Norway's Coastal Kitchen

Treat your taste buds as you sail through one of the most fantastic 'pantries' in the world.

You are sleeping in your cabin, maybe just gone to bed after a close encounter with the midnight sun or northern lights up on deck. At the same time, local fishermen in Sigerfjord, Vesterålen, are about to go get their catch of the day - Arctic char. The deep, salty, cold Arctic Ocean, close to river estuaries with fresh water offers perfect conditions for fishing.

That same afternoon in the restaurant on board, this very same Arctic char is on your plate. Freshly caught, freshly served. And luckily, as the ship sails slowly along the rugged Norwegian coast you are closing in on your next treat. Visiting 34 ports, Hurtigruten ships have exceptional opportunities to get fresh produce from local suppliers, every day.

After a stop in the Norwegian city of Trondheim, for example, passengers can enjoy an evening dessert of sea-buckthorn (a type of berry) and aquavit (a spiced spirit) ice cream produced by Gangstad Gårdsysteri dairy. Other menu items include cured leg of lamb from Hellesylt, a town near the picturesque Geirangerfjord, and roast reindeer from Finnmark.

And food experiences on Hurtigruten do not only come in the restaurant. A big part of Norway's Coastal Kitchen is also activities on board that include food. One example is the cloudberries we serve on deck in autumn. They are handpicked and delivered on board by a local woman in Finnmark.
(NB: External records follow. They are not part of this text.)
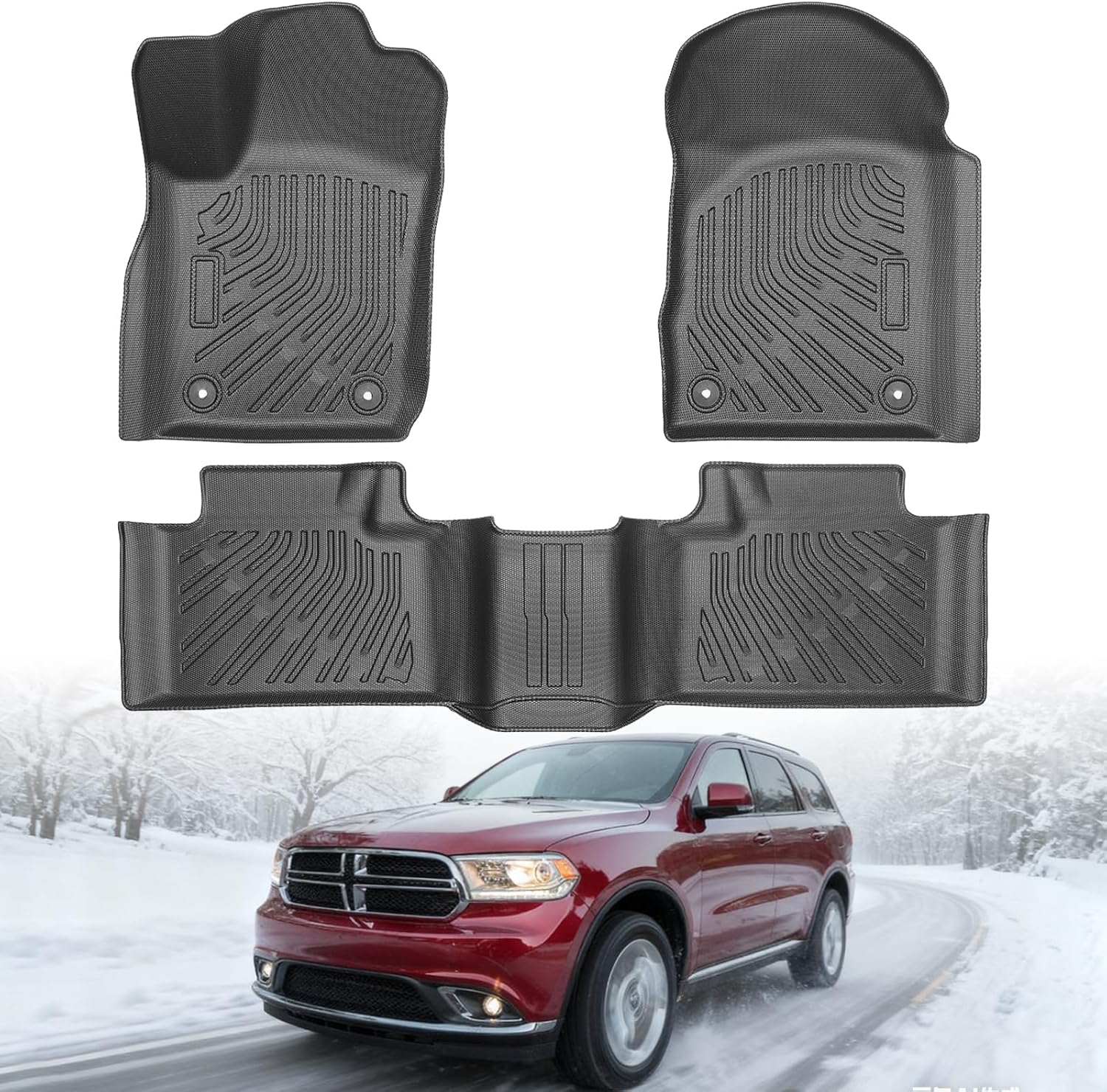 Floor Mats for Dodge Durango 2011-2015, 3 PCS All Weather TPE Floor Liners Waterproof Anti-Slip for Durango with 2nd Row Bench Seat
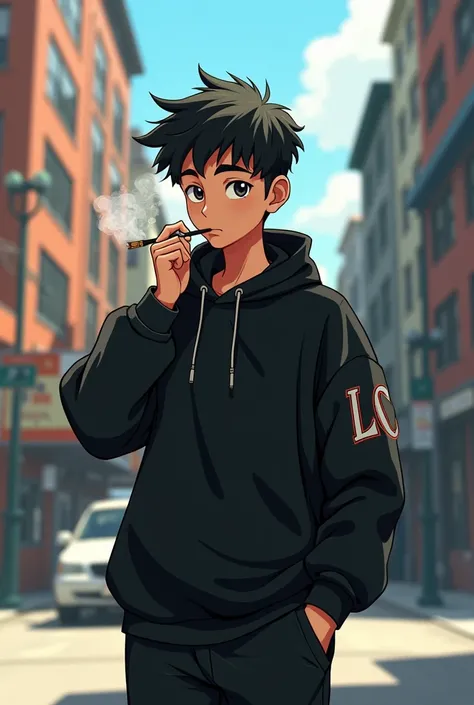 Animated white male person with black hair walking down the street lighting a joint dressed in black with the initials L.C on one side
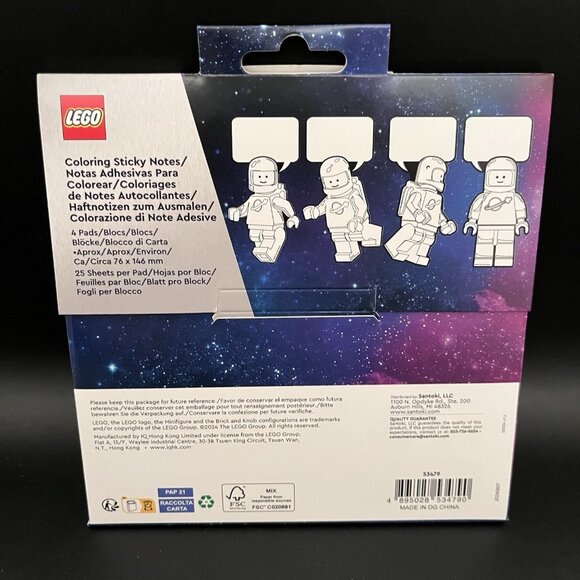 Lego Coloring Sticky Notes Space Theme 4 Pads NEW - Picture 2 of 2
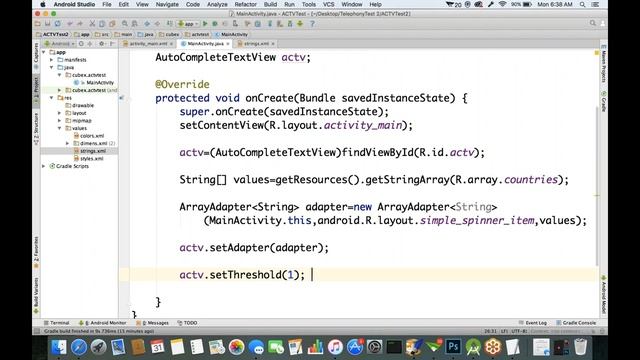 tutorial on UI Component AutocompleteTextView in android 2017 | (Part-9) смотреть онлайн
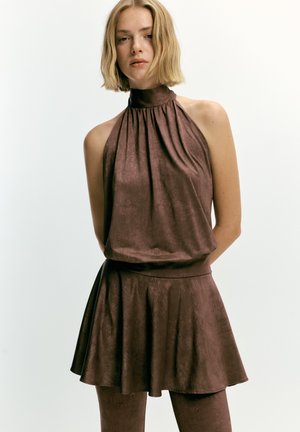 HALTER NECK - SHORT - Rochie de zi - brown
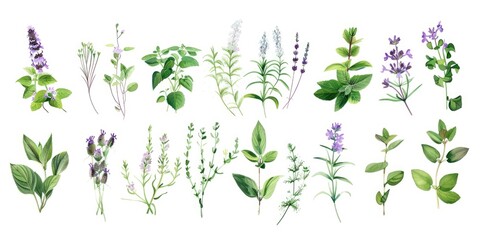 A collection of illustrated herbs, wildflowers and plants in various colors and species.
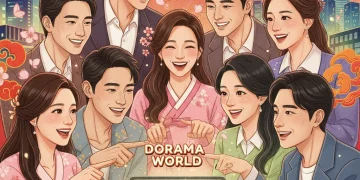 Diverse dorama actors on streaming platform interface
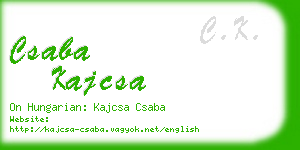 csaba kajcsa business card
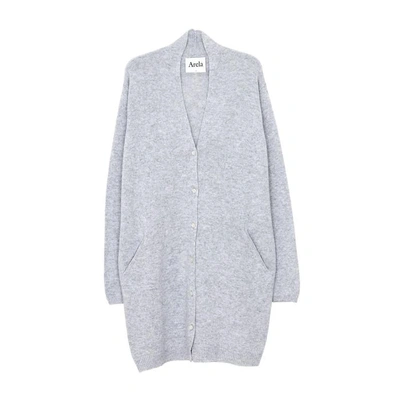 Shop Arela Frances Cashmere Cardigan In Light Grey In Light Melange Grey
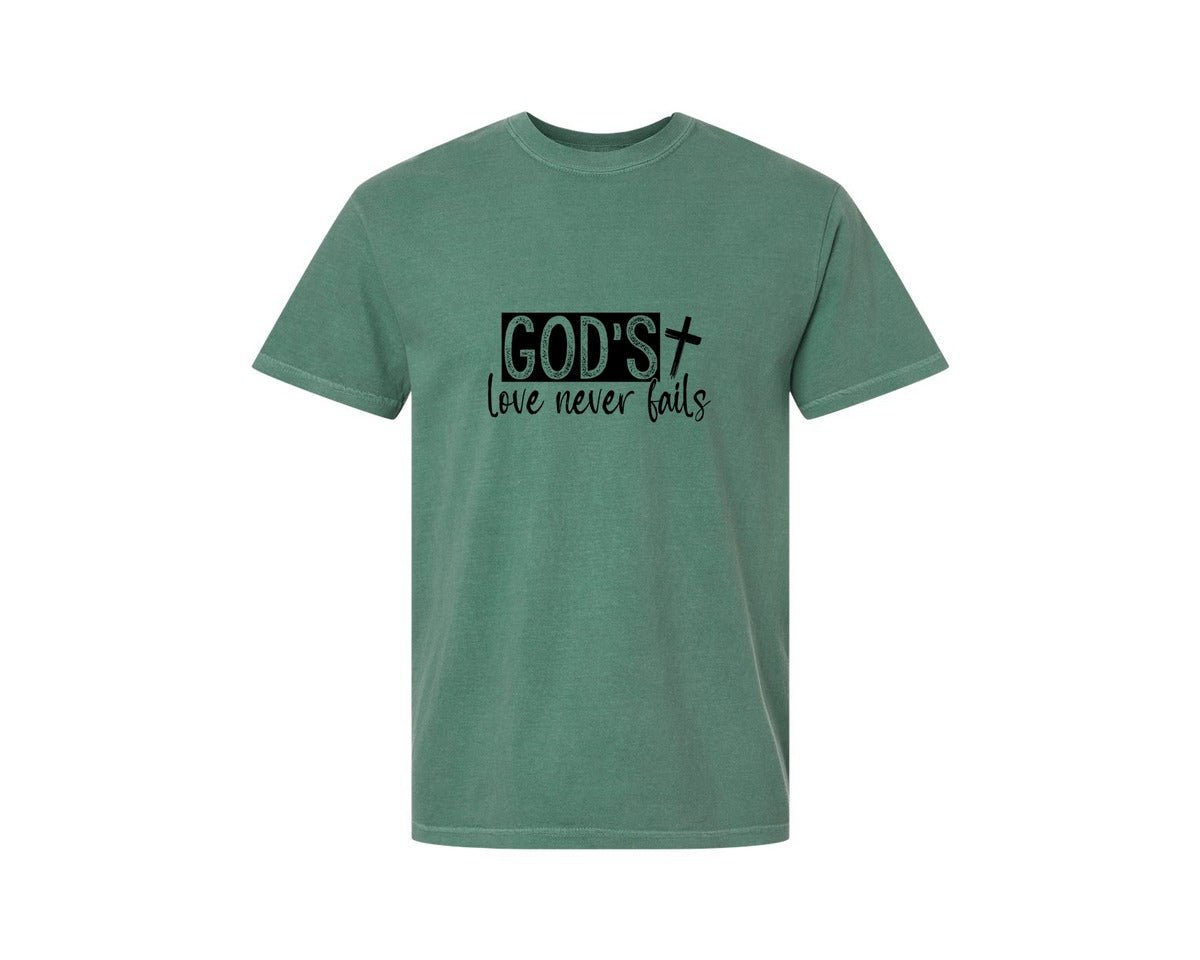 brand:Comfort Colors|color:Light Green|Gods Love Never Fails Sleeve Design 2 Graphic T-Shirt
Based on the season’s best ingredients, our chefs create either three-course dinners or lavish buffets. Being a coastal voyage, seafood often dominates the menu, accompanied with fresh vegetables and delicately flavored sauces. Each dinner ends with traditional desserts, such as homemade cakes, puddings, berries, or sorbet. Breakfast and lunch are served buffet style.